> [Work order]: For the entries that follow, retype exactly the lines from the one containing "T-VIDER compatible with" to the one containing "Fishing in Kuwait", inclusive, and only those. Images stay out of the copy.

> [Record set]:
##########

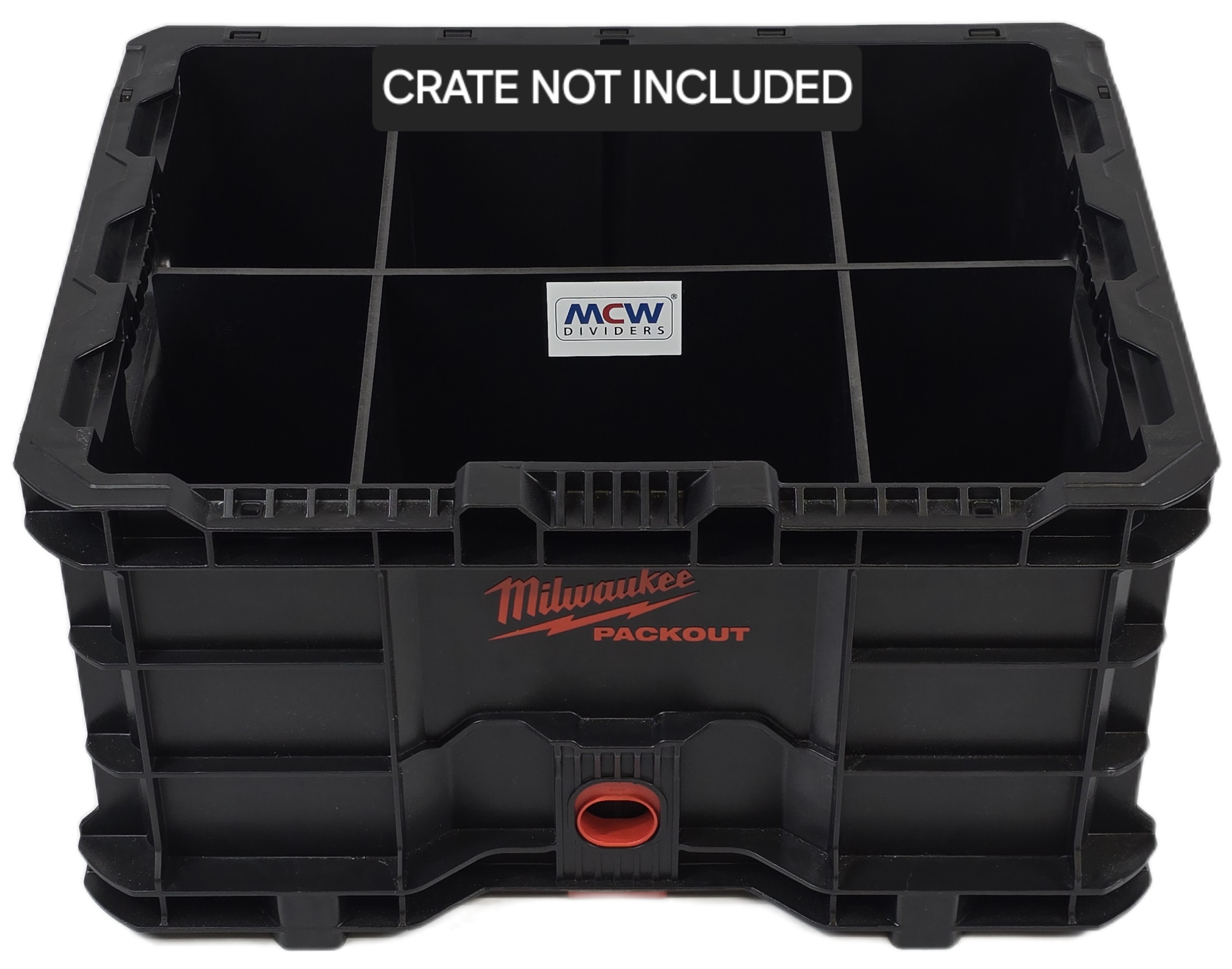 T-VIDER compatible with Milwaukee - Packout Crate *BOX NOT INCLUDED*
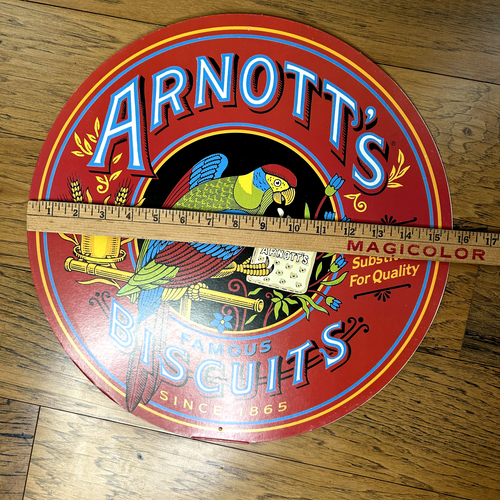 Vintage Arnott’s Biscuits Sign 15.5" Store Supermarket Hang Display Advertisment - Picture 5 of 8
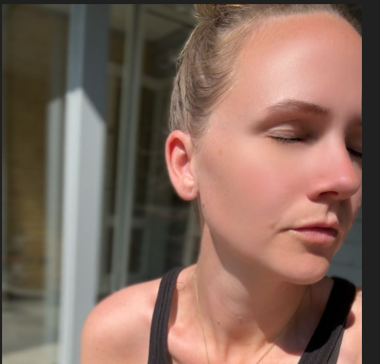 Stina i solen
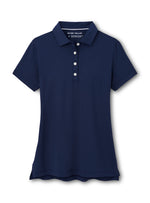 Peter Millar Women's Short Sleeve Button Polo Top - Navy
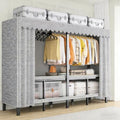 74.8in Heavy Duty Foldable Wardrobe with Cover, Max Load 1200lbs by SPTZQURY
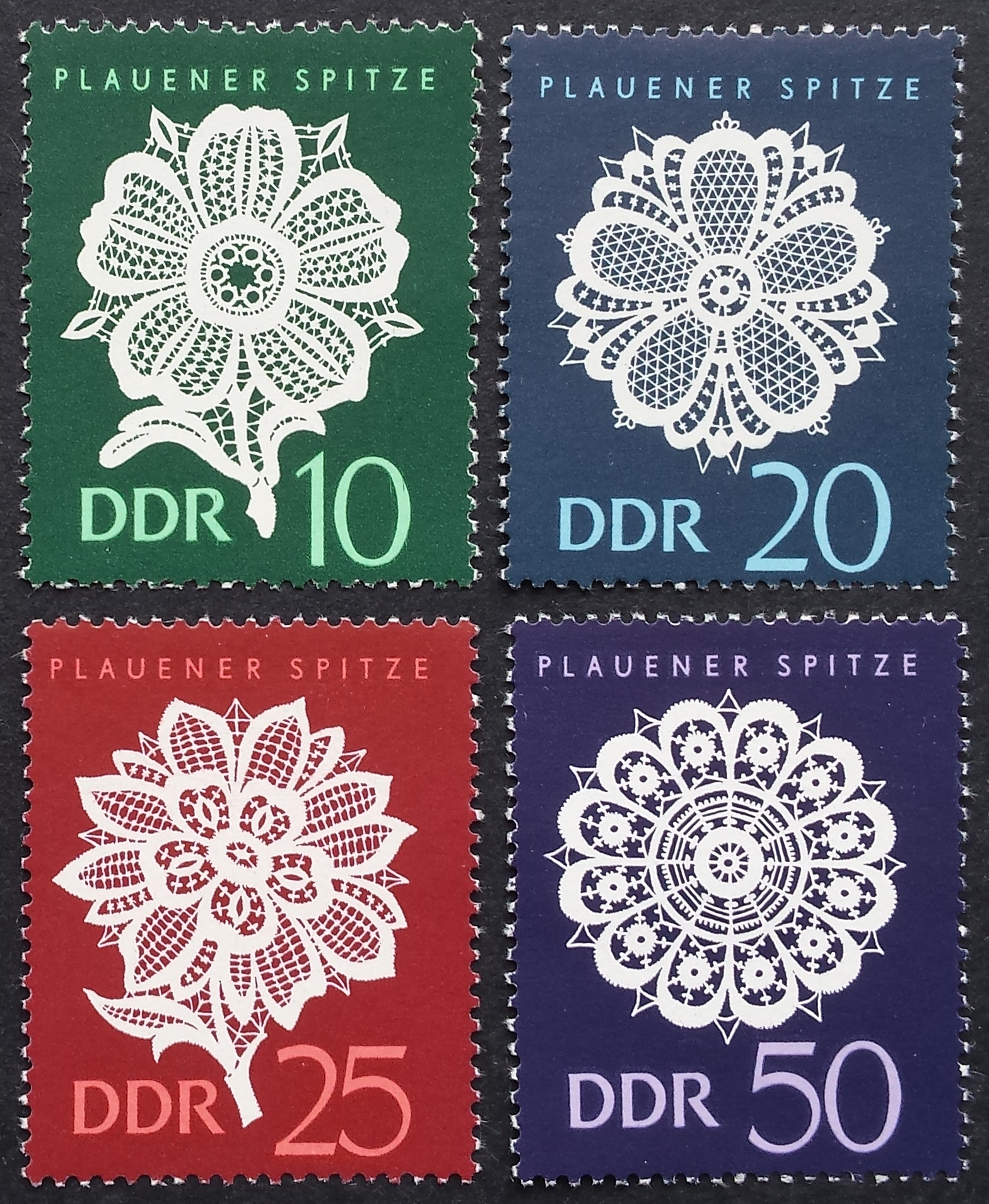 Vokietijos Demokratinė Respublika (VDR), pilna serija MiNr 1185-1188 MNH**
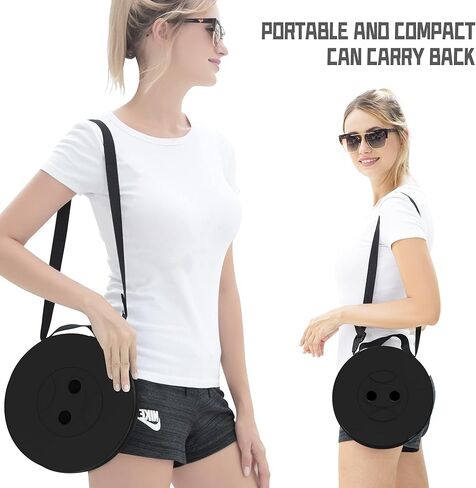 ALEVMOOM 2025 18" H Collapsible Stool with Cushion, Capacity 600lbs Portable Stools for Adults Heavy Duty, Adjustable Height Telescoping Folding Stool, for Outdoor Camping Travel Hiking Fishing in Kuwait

##########

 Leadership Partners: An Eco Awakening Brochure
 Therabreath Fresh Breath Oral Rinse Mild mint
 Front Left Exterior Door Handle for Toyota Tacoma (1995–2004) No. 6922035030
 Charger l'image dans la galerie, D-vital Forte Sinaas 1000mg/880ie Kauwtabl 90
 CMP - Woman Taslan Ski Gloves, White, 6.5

##########

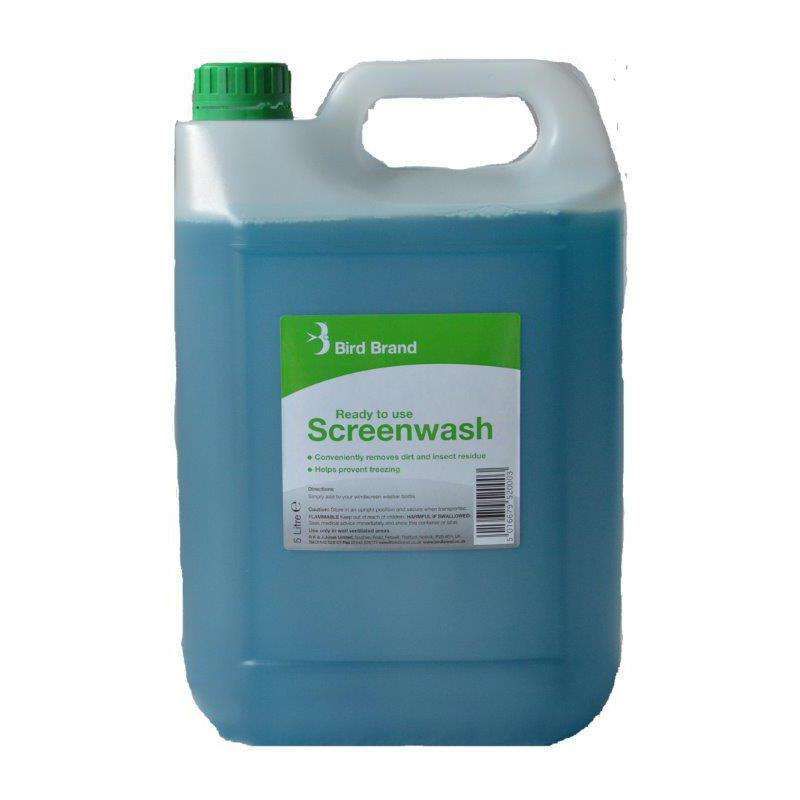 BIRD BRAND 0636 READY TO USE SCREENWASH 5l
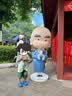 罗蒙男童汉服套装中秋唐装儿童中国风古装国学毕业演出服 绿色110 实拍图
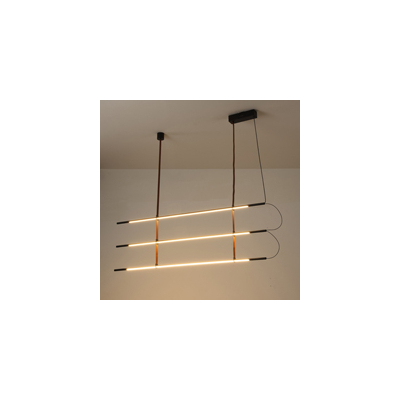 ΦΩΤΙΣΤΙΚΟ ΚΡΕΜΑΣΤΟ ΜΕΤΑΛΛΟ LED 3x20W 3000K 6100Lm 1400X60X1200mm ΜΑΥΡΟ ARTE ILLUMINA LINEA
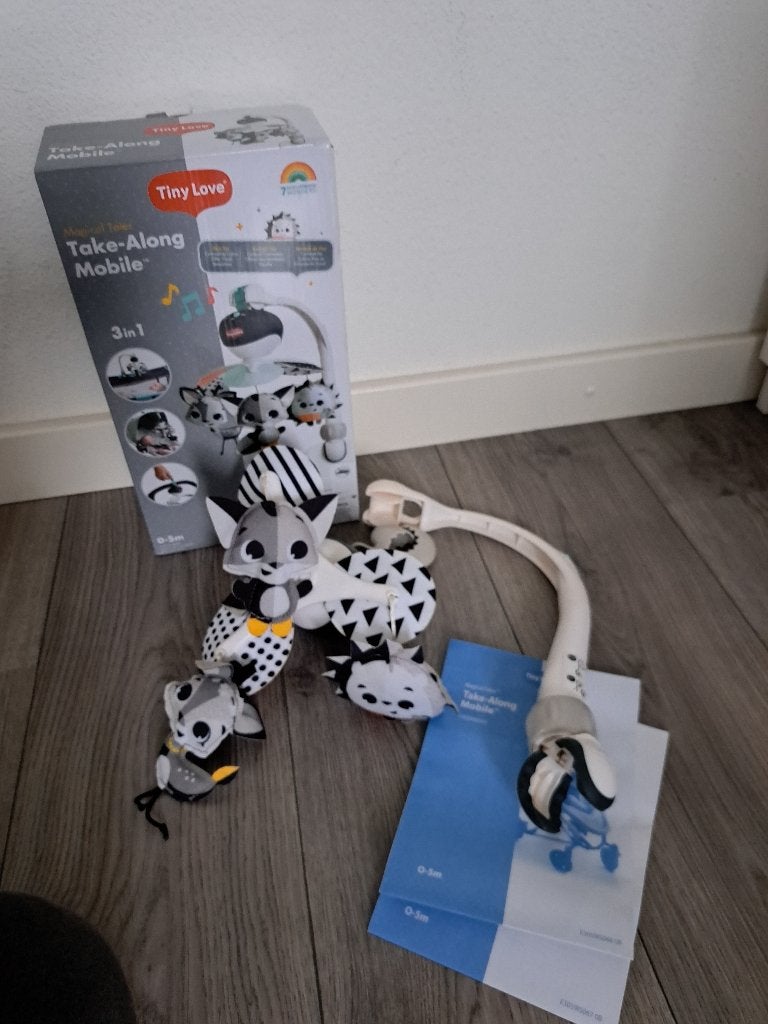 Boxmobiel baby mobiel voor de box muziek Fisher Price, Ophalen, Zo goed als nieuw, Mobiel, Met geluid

##########

> [Answer section]:
 T-VIDER compatible with Milwaukee - Packout Crate *BOX NOT INCLUDED*
 Vintage Arnott’s Biscuits Sign 15.5" Store Supermarket Hang Display Advertisment - Picture 5 of 8
 Stina i solen
 Peter Millar Women's Short Sleeve Button Polo Top - Navy
 74.8in Heavy Duty Foldable Wardrobe with Cover, Max Load 1200lbs by SPTZQURY
 Vokietijos Demokratinė Respublika (VDR), pilna serija MiNr 1185-1188 MNH**
 ALEVMOOM 2025 18" H Collapsible Stool with Cushion, Capacity 600lbs Portable Stools for Adults Heavy Duty, Adjustable Height Telescoping Folding Stool, for Outdoor Camping Travel Hiking Fishing in Kuwait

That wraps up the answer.